• [Task statement]:
Where the data below has the string "whether", return the whole line.

• [Given information]:

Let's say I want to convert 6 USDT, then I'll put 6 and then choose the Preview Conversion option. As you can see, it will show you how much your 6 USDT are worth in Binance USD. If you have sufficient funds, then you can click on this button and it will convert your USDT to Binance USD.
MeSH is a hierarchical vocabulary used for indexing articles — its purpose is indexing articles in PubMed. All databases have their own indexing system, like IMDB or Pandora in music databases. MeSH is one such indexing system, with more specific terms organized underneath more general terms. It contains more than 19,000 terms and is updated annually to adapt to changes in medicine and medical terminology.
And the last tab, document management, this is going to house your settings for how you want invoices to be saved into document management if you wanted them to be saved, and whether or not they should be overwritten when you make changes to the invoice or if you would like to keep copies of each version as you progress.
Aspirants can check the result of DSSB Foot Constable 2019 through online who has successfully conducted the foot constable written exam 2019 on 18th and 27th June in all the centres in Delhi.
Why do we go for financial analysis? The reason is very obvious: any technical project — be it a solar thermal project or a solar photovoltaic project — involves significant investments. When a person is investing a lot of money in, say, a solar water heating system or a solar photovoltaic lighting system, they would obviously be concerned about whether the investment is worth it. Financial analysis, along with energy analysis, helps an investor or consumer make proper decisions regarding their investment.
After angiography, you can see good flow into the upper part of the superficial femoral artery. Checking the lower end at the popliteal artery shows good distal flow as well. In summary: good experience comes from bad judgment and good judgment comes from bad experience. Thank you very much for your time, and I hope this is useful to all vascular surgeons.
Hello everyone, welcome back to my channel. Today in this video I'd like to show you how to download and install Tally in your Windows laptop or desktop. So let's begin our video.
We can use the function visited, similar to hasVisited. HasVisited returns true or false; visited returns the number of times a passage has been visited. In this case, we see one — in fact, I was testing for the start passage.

==

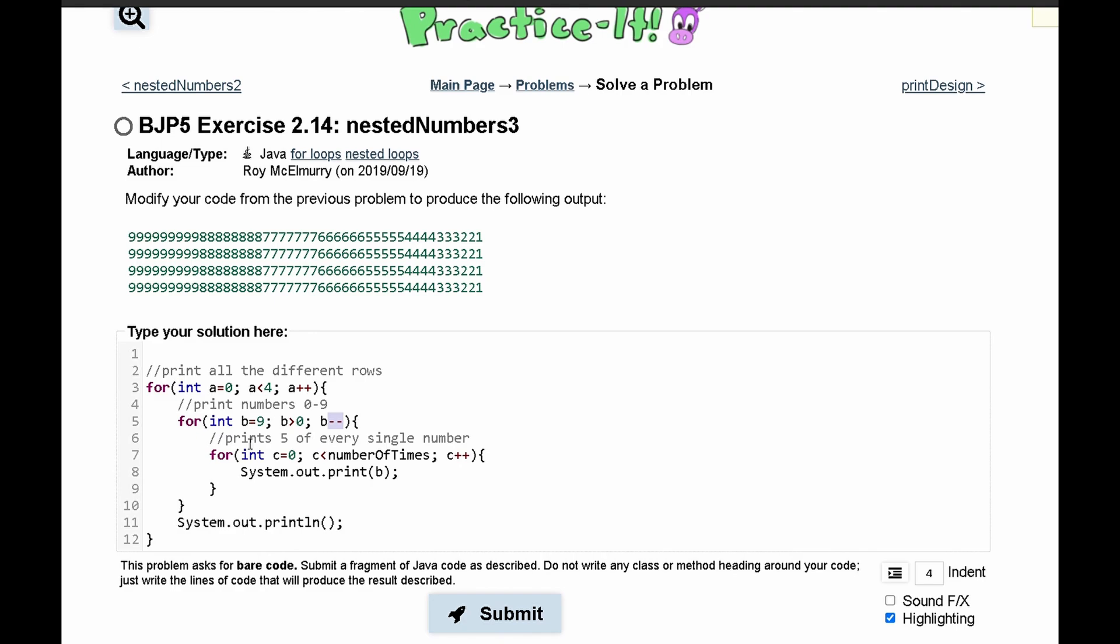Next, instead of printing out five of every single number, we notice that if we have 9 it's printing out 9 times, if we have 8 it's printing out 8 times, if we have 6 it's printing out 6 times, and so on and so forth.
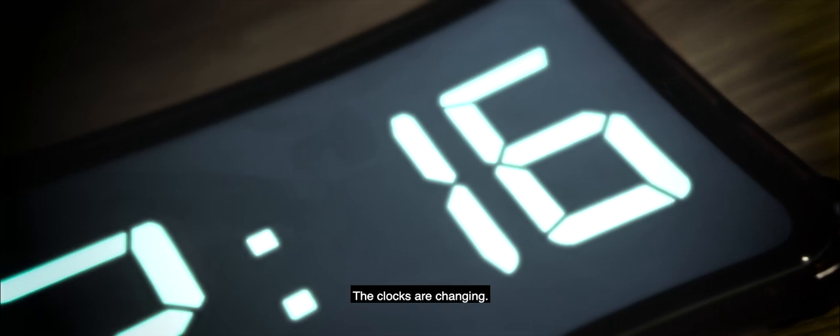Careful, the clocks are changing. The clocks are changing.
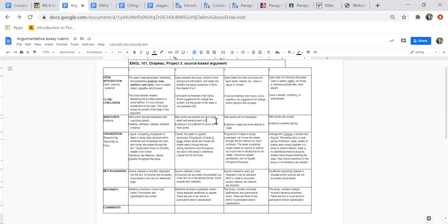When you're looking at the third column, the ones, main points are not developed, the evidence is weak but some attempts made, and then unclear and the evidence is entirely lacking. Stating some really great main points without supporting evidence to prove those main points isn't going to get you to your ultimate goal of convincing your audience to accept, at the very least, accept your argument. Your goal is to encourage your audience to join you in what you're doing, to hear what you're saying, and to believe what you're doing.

• [Exercise solution]:
And the last tab, document management, this is going to house your settings for how you want invoices to be saved into document management if you wanted them to be saved, and whether or not they should be overwritten when you make changes to the invoice or if you would like to keep copies of each version as you progress.
Why do we go for financial analysis? The reason is very obvious: any technical project — be it a solar thermal project or a solar photovoltaic project — involves significant investments. When a person is investing a lot of money in, say, a solar water heating system or a solar photovoltaic lighting system, they would obviously be concerned about whether the investment is worth it. Financial analysis, along with energy analysis, helps an investor or consumer make proper decisions regarding their investment.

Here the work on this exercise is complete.